In the sixth year of her confinement in the sanatorium, Madonna's younger brother Orby, who also had tuberculosis, died. He had begged his sister to have their parents take him home from the sanatorium so that he could die at home. He was taken home and died later the same day. After being denied the opportunity to attend her brother's funeral, and with the thought of dying in the sanatorium, she left the sanatorium without permission and returned to her family home. Facing the threat of quarantine, her father refused to return Madonna to the Indian sanatorium. Instead, he wrote to an old school friend, Henry Standing Bear, who advised them to see a doctor in Pierre and gain admittance to the "white" TB sanatorium, Sanator, at Custer, South Dakota. The authorities denied her admittance to Sanator, telling them to return to the Sioux San. Madonna's father would not accept this denial and sought an audience with the governor of South Dakota, Judge Sigurd Anderson. Anderson, who considered himself somewhat of a pioneer for human rights, arranged for Madonna to be admitted to Sanator.

=== Sanator ===
Madonna was admitted to Sanator—the South Dakota Tuberculosis Sanatorium, in the community of Sanator—in September 1950. She found this hospital very different. The grounds around the building were landscaped with trees and flowers, and patients were allowed to wear their own clothing and walk around the grounds. Her doctor, Dr. W. L. Meyers, vowed to Madonna's parents that he would do everything in his power to help their daughter. The initial treatment was to pump air into the abdomen, and after that proved to be unsuccessful, they tried pumping air into her back to collapse the bad lung, which also failed. They next tried an operation called a phrenic which would permanently collapse her infected lung, which also failed to kill the TB.

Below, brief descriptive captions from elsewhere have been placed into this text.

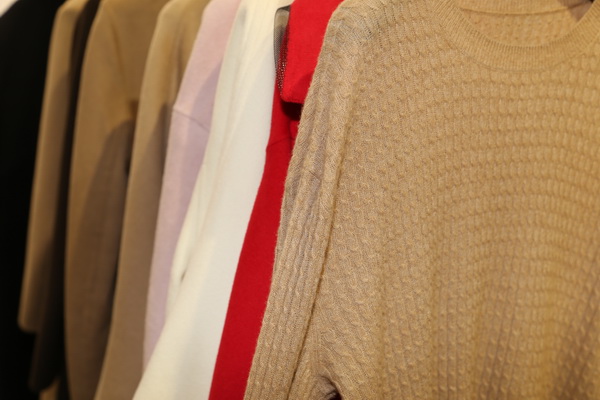 &ldquo;絲駝&rdquo;又一鐘情于駝絨產(chǎn)業(yè)的企業(yè)，綻放2023intertextile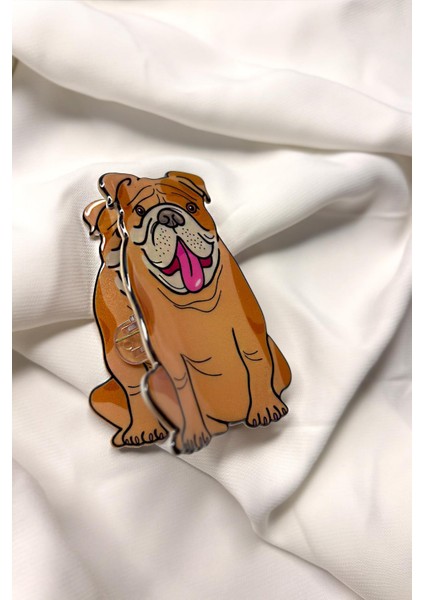 Bulldog Asetat Kadın Mandal Toka modelleri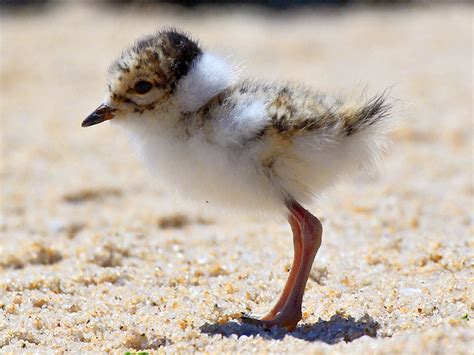 Chicks on the Beach | The Friends of the Heysen Trail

After attending a conference on tuberculosis, Meyers learned of a procedure that was new in the United States. This operation required the removal of ribs and the upper lobe of her more infected lung, followed by another operation to remove the rest of the lung. Madonna Swan was one of the first patients to undergo this new procedure and much was learned about the treatment of TB from her experiences. Following the successful removal of lung and ribs, they were able to treat her remaining lung with an antibiotic designed to kill the TB bacteria (INH, Isoniazid).

With the removal of all of her ribs on one side, Madonna was paralyzed from her neck through her left arm and was unable to sit up. Battling depression, fitted with a brace to provide support, Madonna made a long and arduous recovery, gradually regaining sensation. While recovering she learned from reading and practice in the Sanator classroom how to repair jewelry. She received certification in horology (watch/clock repair).

==Later life==
In 1953, more than ten years from first onset of symptoms of TB, Madonna was finally declared cured. She worked at Sanator as a receptionist and later left to work at repairing jewelry, watches and clocks. Her father died in 1953.

In 1956, she married Jay Abdalla, who was an army friend of her brother, Kermit. Together, Madonna and Jay raised Austin Paul, the son of her sister. Madonna became an aide in the Head Start program and later a teacher. She earned her Graduate Equivalency Diploma (General Educational Development - GED) in 1967. Although she completed 136 credit hours at the college level, Swan never earned a undergraduate degree due to her frail health.
She took great pride in the accomplishments of her "son" Austin Paul, who graduated from college in 1979.

Madonna Swan-Abdalla was selected as the North American Indian Woman of the Year by her tribal sisters at Cheyenne River in 1983.